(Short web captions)
• • • • • • •
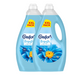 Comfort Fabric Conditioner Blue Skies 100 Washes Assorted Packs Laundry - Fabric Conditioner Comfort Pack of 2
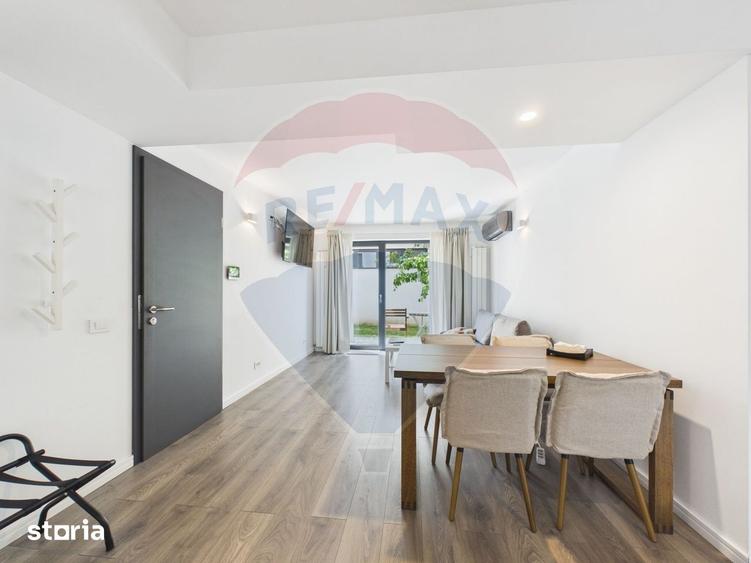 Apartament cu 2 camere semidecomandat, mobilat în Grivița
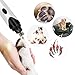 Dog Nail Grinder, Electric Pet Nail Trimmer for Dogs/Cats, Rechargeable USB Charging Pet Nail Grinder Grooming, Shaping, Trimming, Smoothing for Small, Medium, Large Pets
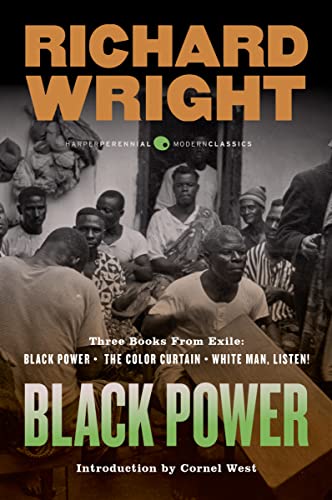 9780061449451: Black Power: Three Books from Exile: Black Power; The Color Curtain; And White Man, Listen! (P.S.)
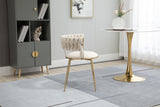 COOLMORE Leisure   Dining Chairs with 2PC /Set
• • • • • • •
** WHAT THE TASK ASKS **
Could you set down the records above exactly, skipping any picture?

** OUTPUT **
 Comfort Fabric Conditioner Blue Skies 100 Washes Assorted Packs Laundry - Fabric Conditioner Comfort Pack of 2
 Apartament cu 2 camere semidecomandat, mobilat în Grivița
 Dog Nail Grinder, Electric Pet Nail Trimmer for Dogs/Cats, Rechargeable USB Charging Pet Nail Grinder Grooming, Shaping, Trimming, Smoothing for Small, Medium, Large Pets
 9780061449451: Black Power: Three Books from Exile: Black Power; The Color Curtain; And White Man, Listen! (P.S.)
 COOLMORE Leisure   Dining Chairs with 2PC /Set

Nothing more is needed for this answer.